In official POV-Ray, the only way to solve this is to use either very 
high-quality radiosity settings, or somehow introduce high-"frequency" 
noise, so that enough samples are taken that the accuracy of the image 
gets high enough for the seams to remain within the limits of human 
perception or "drowns" in noise.

In UberPOV, you could choose radiosity settings such that instead of 
interpolating between a limited number of samples it would compute 
indirect lighting for each surface point separately. This changes the 
type of artifacts to high-frequency noise, which will automatically hide 
the seams, and arbitrary trade-offs between quality and render time can 
easily be made via stochastic anti-aliasing. However, this also 
increases render time significantly, especially so if you aim to reduce 
the noise below the threshold of human perception.
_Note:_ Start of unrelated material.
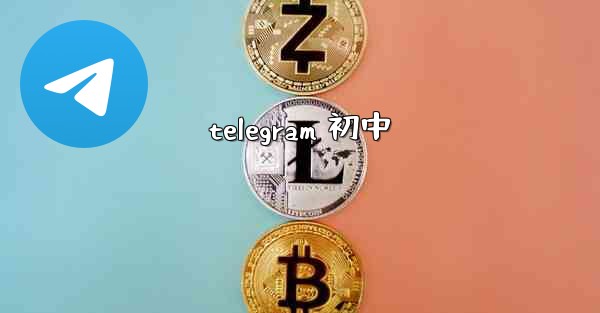 telegram 初中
Another drawback is 
that UberPOV only supports v3.7.0 syntax, not that of v3.8.0-alpha 
currently in development.

Another alternative would be to use MCPov, but it is more difficult to 
set up (you probably need to tamper with the scene itself, not just 
global settings), has a systematic error in brightness computations that 
needs working around, is limited to v3.6 syntax, and does not support 
multi-core operation "out of the box". The approach would be more or 
less the same as with UberPOV, but it may be able to achieve the same 
quality with less CPU time.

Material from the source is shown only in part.